DrS
If you just want absolute URLs starting with http://, then
[""''](http://[^""'']*)[""'']
should do. However, if you want to catch <a href="foo.htm">, and not
<script> foo="bar.htm"; </script>, you'd be better off using a ready-
made HTML parser (there are several of them in the wiki).
-Alex
set res [regexp {((http://|https://)(([a-z\.\-]*)))} $str match url
loc add]
from an RE perspective, there are extra unneeded parens
and from a matching standpoint that RE will fail horribly
on many,many,many URLs
Bruce
Thanks for the link. I copied the expression over to tcl but it does
not seem to work - not sure which parts need translating to tcl's regexp
version:
% set p {(?i)\b((?:[a-z][\w-]+:(?:/{1,3}|[a-z0-9%])|www\d{0,3}[.]|
[a-z0-9.\-]+[.][a-z]{2,4}/)(?:[^\s()<>]+|\(([^\s()<>]+|(\([^\s()<>]+\)))*\))+
(?:\(([^\s()<>]+|(\([^\s()<>]+\)))*\)|[^\s`!()\[\]{};:'".,<>?«»“”‘’]))}
% regexp $p http://www.yahoo.com
0
DrS
Remove the \b just after the beginning. It means Backspace in Tcl-
land, maybe Word Boundary in that text.
-Alex
Doesn't this illustrate why regular expressions are not the best
choice for
this task?
Regards,
Arjen
Plus, it turns out, it does not work very well, especially when the page
contains javascript, which is almost universal.
DrS
Ah but if you want to extract all possibly dynamically generated URLs
by some Javascript code, your problem becomes roughly equivalent to
the Turing halting problem. A tough TIP even for Tcl9 :P
-Alex
I'd be happy if it extracted some url's consistently, like earlier when
you indicated for the href's. This one unfortunately gives me results
that need lots of post-cleanup work and it is not worth it. For
example, on the main yahoo.com page, it matches all sorts of stuff that
are not url's.
I think I will go back to your original regexp example and improve it a
bit or use string op's.
Thanks,
DrS
having a nose around on the net for scree-scraper scripts might
unearth some 'goodies'.
All it takes is a decent implementation of TIP 131 ...
Regards,
Arjen
(http://|https://)([a-z\.\/\(_\)\-0-9#\?=%\&]*) this is also matches
almost all urls
Well, if you want to use this simple regexp, then make it really
simple ;-)
https?://[-a-z./(_)0-9#?=%&]*
(no use backslashing inside the []. Only special chars are ] and -,
handled by position)
-Alex
(https?://) is shorter than the alternation above,
and even though they would resolve the same, URLs can contain uppercase
letters as well
Bruce
http://docs.activestate.com/activetcl/8.5/tcllib/uri/uri.html
While not documented the package uses a number of RE's internally.
--
So long,
Andreas Kupries <akup...@shaw.ca>
<http://www.purl.org/NET/akupries/>
Developer @ <http://www.activestate.com/>
-------------------------------------------------------------------------------
RFC 2396, Appendix B has a regular expression which works with Tcl's
[regexp], producing the same results.
It can't be used to find uri in a web page, but does a better job at
uri validation than the above regular expressions.
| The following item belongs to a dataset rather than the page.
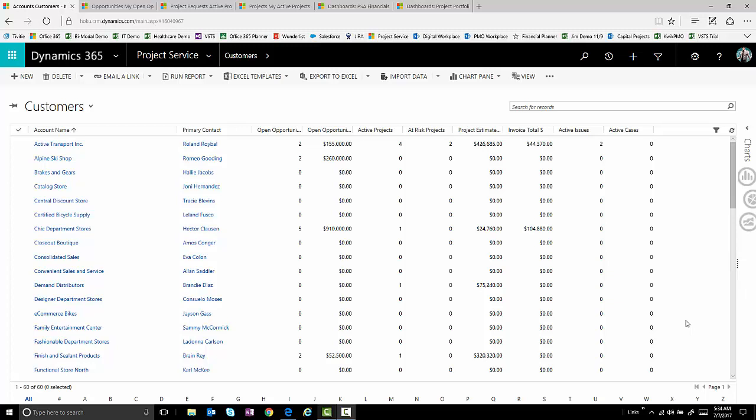Hello, everybody. Thank you for the opportunity to present to you today a Better Together story involving Dynamics 365, the project service automation solution within it, and Microsoft Project Online, the PPM solution.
I noticed that the uri package mentions RFC 2396, basically
recognizing that the code is out of date. It would be nice to redo
this package, but the current API uses relatively random terms for the
basic URI components. Would the tcllib maintainers consider an
additional package, maybe rfc2396 which would try to implement the
part and provide an API for extensions to different namespaces?
Anyway, RFC 2396 has a great URI regular expression. It isn't for
finding URI in a web page, but for breaking found URI into components.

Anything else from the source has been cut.